Mart ayındaki volatilite hariç tutulduğunda 2021 yılı Eylül ayına kadar Türk lirası görece istikrarlı bir görünüm sergiledi. Nitekim Ocak ile Eylül başı arasındaki dönemde liranın ABD doları karşındaki değer kaybı yüzde 10’nun biraz üzeri ile sınırlı kaldı.
Eylül ayı itibarıyla TCMB’nin politika faizinde başlattığı indirim döngüsü ise lirada sert değer kayıpları yaşanmasına neden oldu ve yıla 7,4 seviyelerinden başlayan dolar/TL kuru, 20 Aralık’a gelindiğinde, yüzde 135 yükselişle 17,5 seviyesinden kapandı. Aralık ayı sonlarında alınan önlemlerin etkisiyle bir miktar gerileme yaşansa da dolar/TL kuru yılı yüzde 80 civarı yükselişle 13,3 seviyesinde kapattı. Yıl ortalaması ile hesaplandığında da kur yüzde 27 yükselişle 8,9 olarak gerçekleşti.
Merkez bankasının faiz indirimleri, Eylül ile Kasım sonu arasında ticari kredi faizlerinde bir miktar gerileme sağlasa da Aralık itibarıyla yaşanan piyasa çalkantısı, kredi faizlerinde de çok hızlı bir sıçramaya neden oldu ve ticari kredi faizleri yılı yüzde 24,4 ile yüksek bir seviyeden kapattı. Ancak yine de gelinen seviyelerin enflasyonun altında olduğunu belirtmek gerekiyor.

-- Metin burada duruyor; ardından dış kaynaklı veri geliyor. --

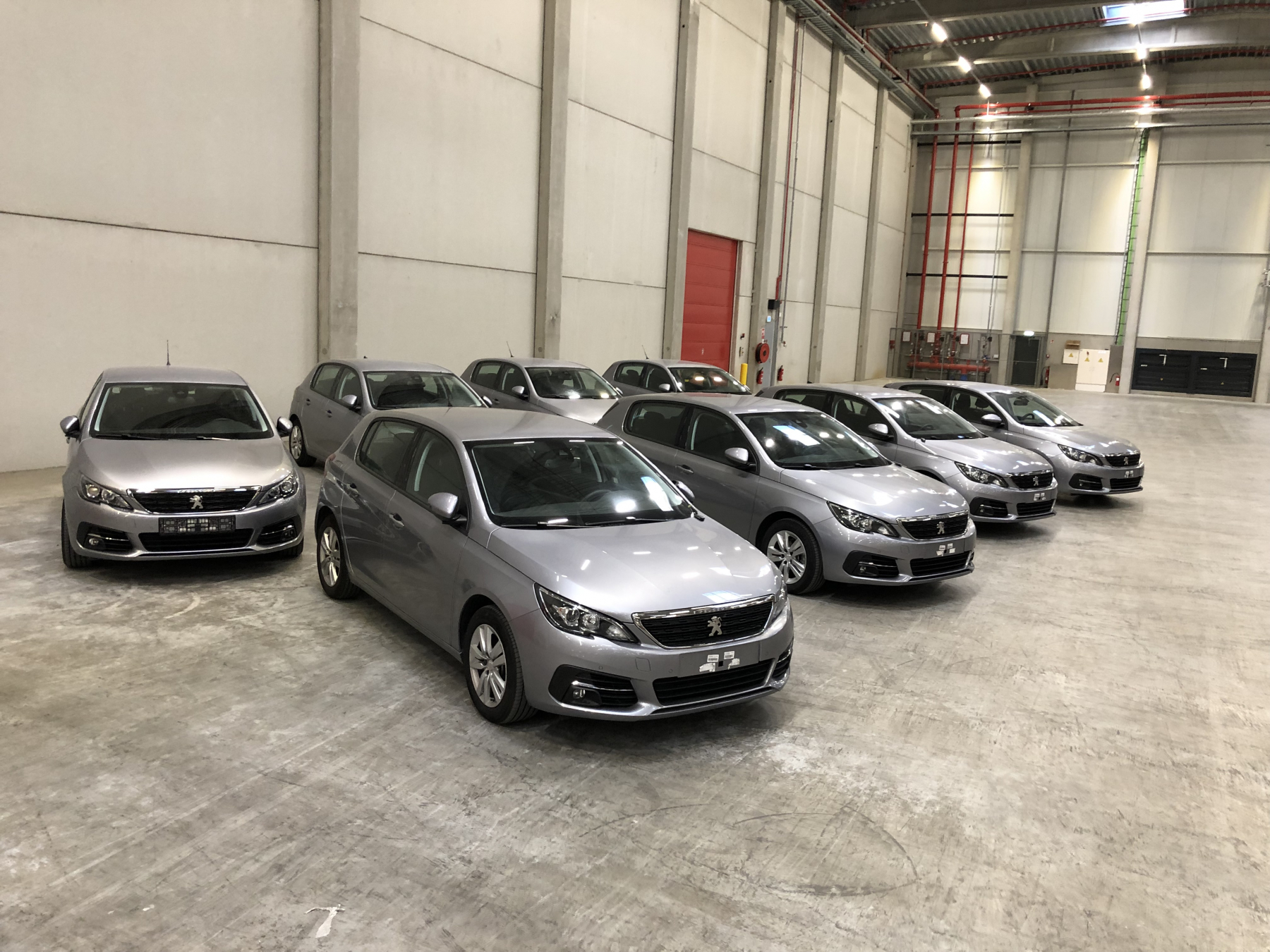 Slide 2 du site de Car Lux Distribution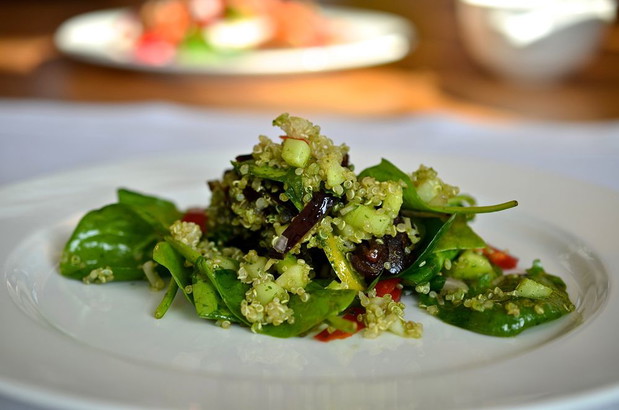 Sałatka z quinoa, szpinakiem i daktylami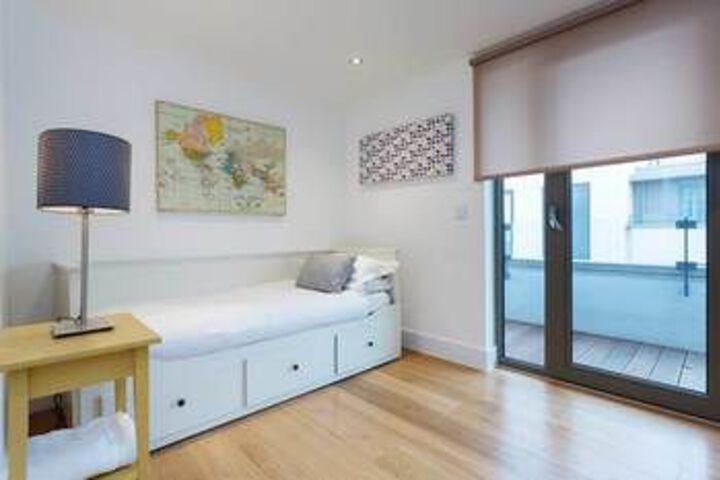 Room 10 of 21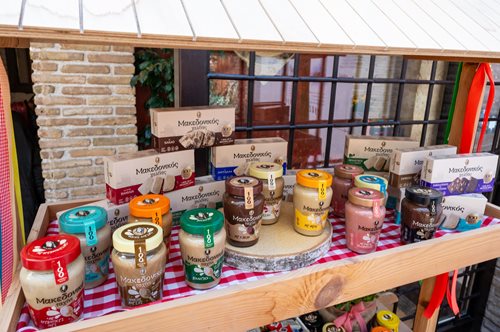 100 χρόνια μαζί: Γιορτάζουμε ακόμα μία Καθαρά Δευτέρα με τον Μακεδονικό Χαλβά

Özetle sanayi kesimi için yılın büyük bölümünde uygun seyreden finansal koşullar yılın özellikle son çeyreğinde belirgin şekilde bozuldu. Piyasa göstergelerindeki yüksek dalgalanmalar sanayi şirketlerini de etkiledi ve ileriye dönük beklentilerde bozulma yaşandı.